What you should do:
What you output must match, exactly, the lines from the start of the records to the line containing "252 N Patterson", both ends kept and pictures excluded.

Items from a dataset:
********

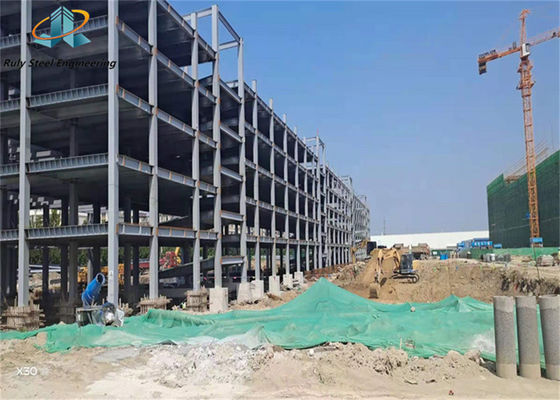 Qingdao Fertigung Professionelle Konstruktion kundenspezifische Stahlkonstruktion Vorgefertigte Fabrik Werkstatt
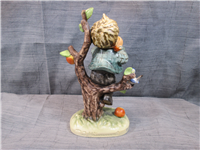 AN APPLE A DAY Stille Genieller Figurine (Hummel 403, TMK)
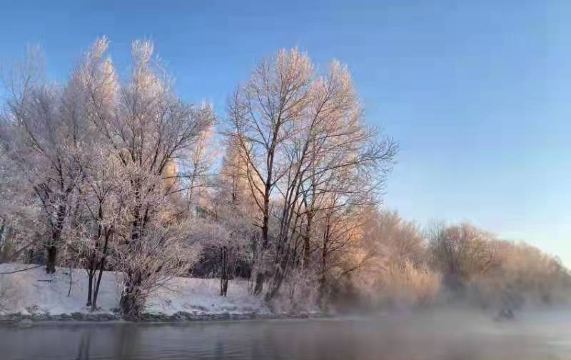 长白山水色漂流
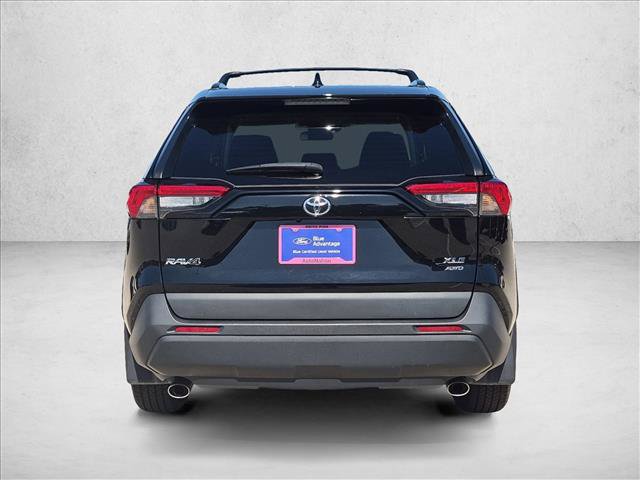 Used 2022 Toyota RAV4 XLE w/ Convenience Package AWD/4WD image 7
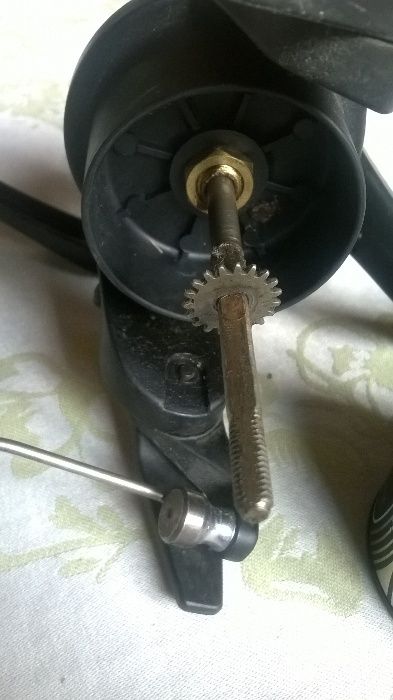 kołowrotek Abu Garcia Cardinal black max 64
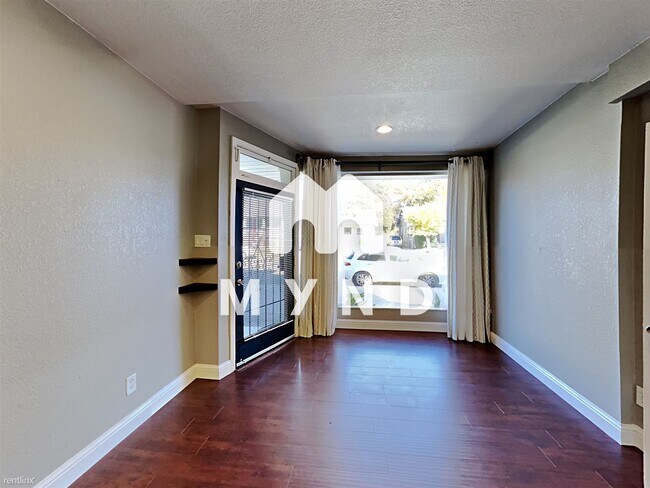 Foto del edificio - 1 br, 1 bath Condo - 3006 4th Ave Apartment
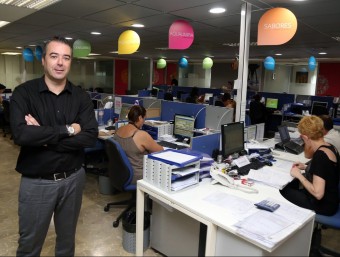 Santiago Albarracín, director general de Duracomm, a les oficines centrals de l'empresa a L'Hospitalet de Llobregat.  JUANMA RAMOS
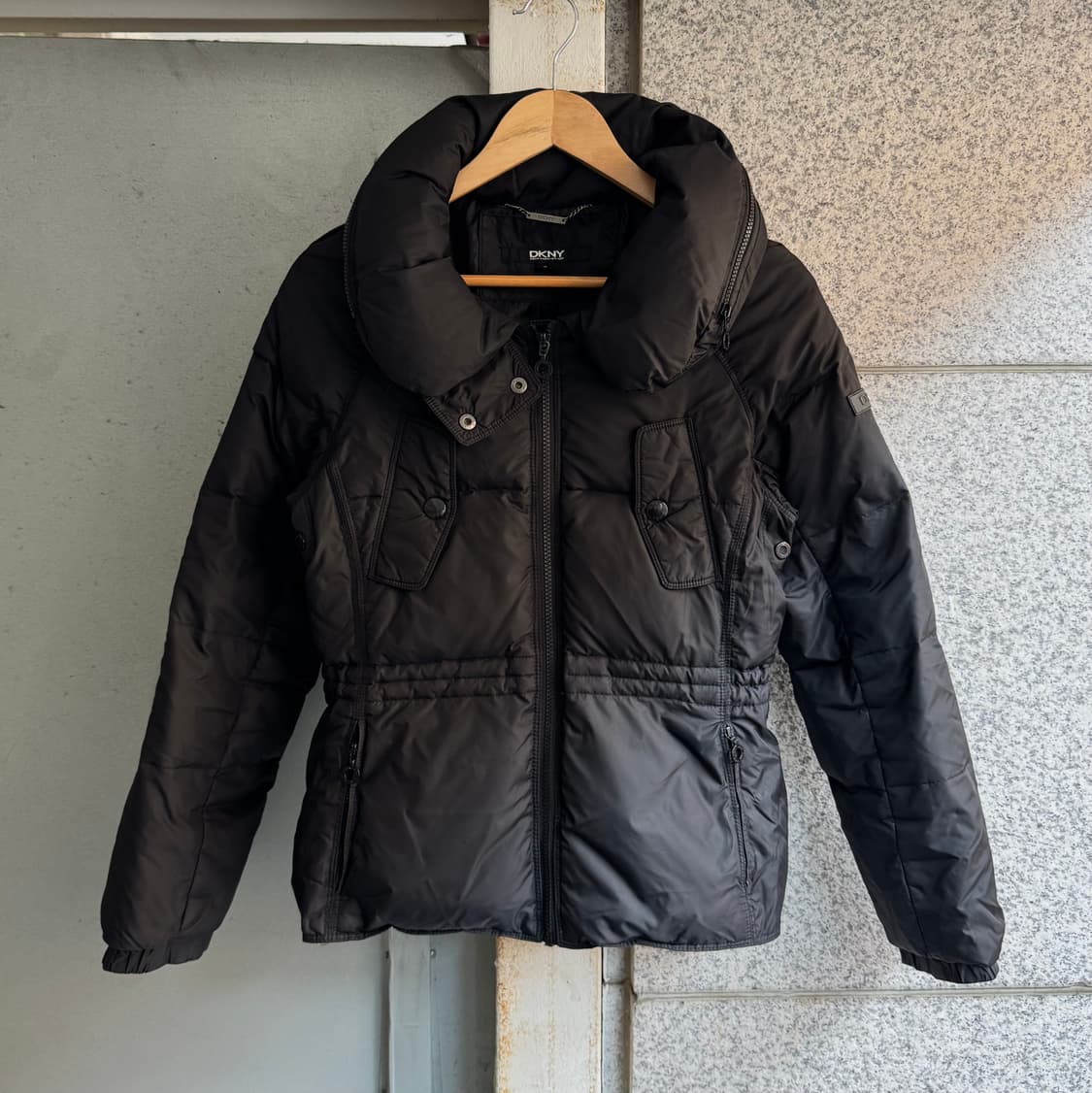 DKNY 빅카라 로고 다운 자켓 상품이미지1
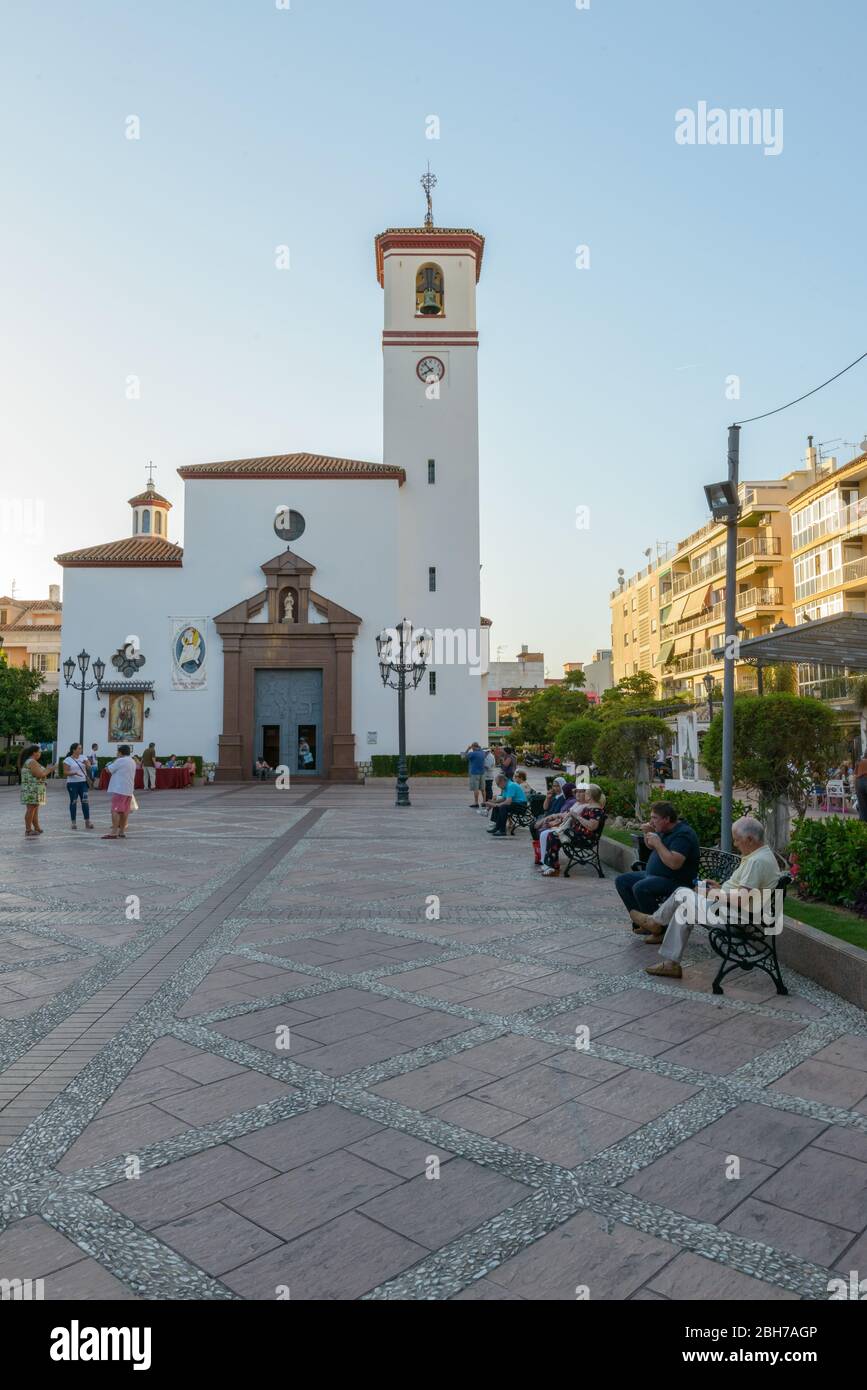 Les gens autour des rues devant l'église en Espagne Banque D'Images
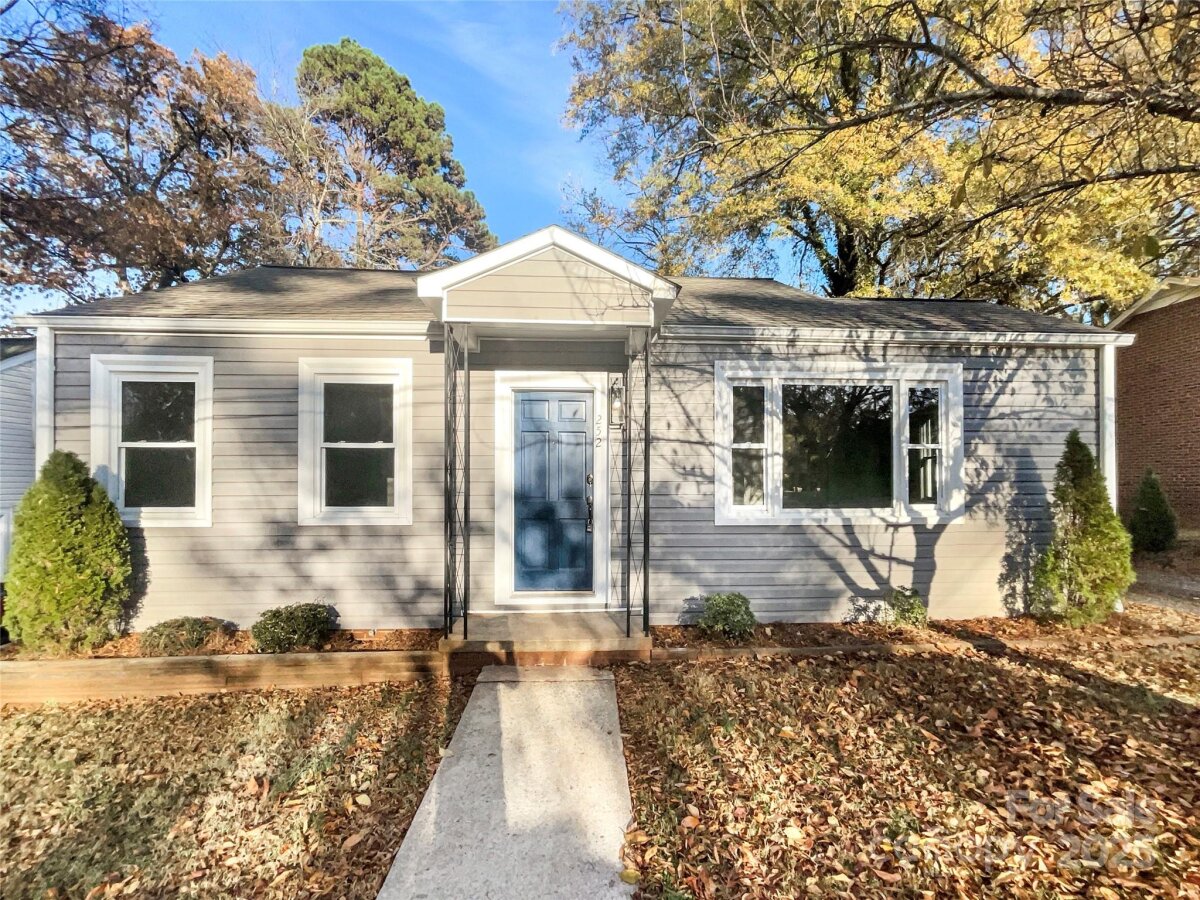 252 N Patterson Street, Statesville, NC 28677, MLS # 4323154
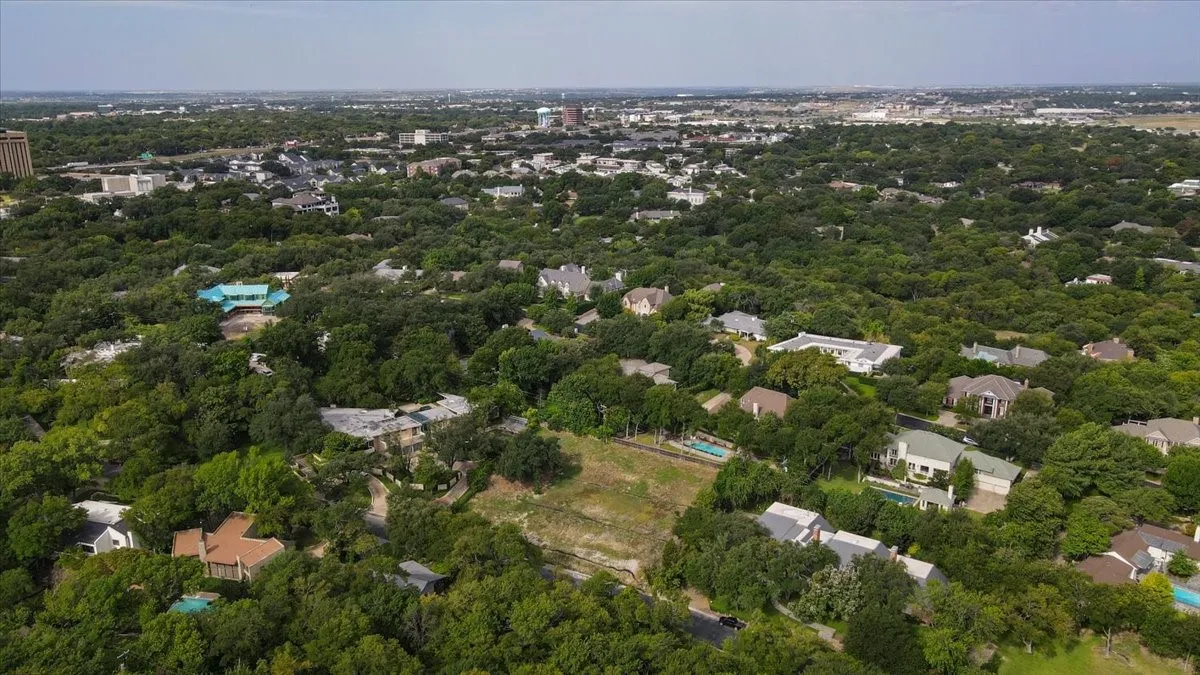 Unimproved Land For Sale in Tarrant County , 2004 Indian Creek Drive, Westover Hills, Texas 76107, 0, 0, Garage spaces, 0 Sqft, built in 1972, mls#21145541, Real Estate Agent in Westover Hills, Homes For Sale in Tarrant county, Homes For Sale in Westover Hills, Realtor in Westover Hills Texas, Real Estate Brokerage Independent Realty Texas, Luminita Cordes Realtor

********

Solution:
 Qingdao Fertigung Professionelle Konstruktion kundenspezifische Stahlkonstruktion Vorgefertigte Fabrik Werkstatt
 AN APPLE A DAY Stille Genieller Figurine (Hummel 403, TMK)
 长白山水色漂流
 Used 2022 Toyota RAV4 XLE w/ Convenience Package AWD/4WD image 7
 kołowrotek Abu Garcia Cardinal black max 64
 Foto del edificio - 1 br, 1 bath Condo - 3006 4th Ave Apartment
 Santiago Albarracín, director general de Duracomm, a les oficines centrals de l'empresa a L'Hospitalet de Llobregat.  JUANMA RAMOS
 DKNY 빅카라 로고 다운 자켓 상품이미지1
 Les gens autour des rues devant l'église en Espagne Banque D'Images
 252 N Patterson Street, Statesville, NC 28677, MLS # 4323154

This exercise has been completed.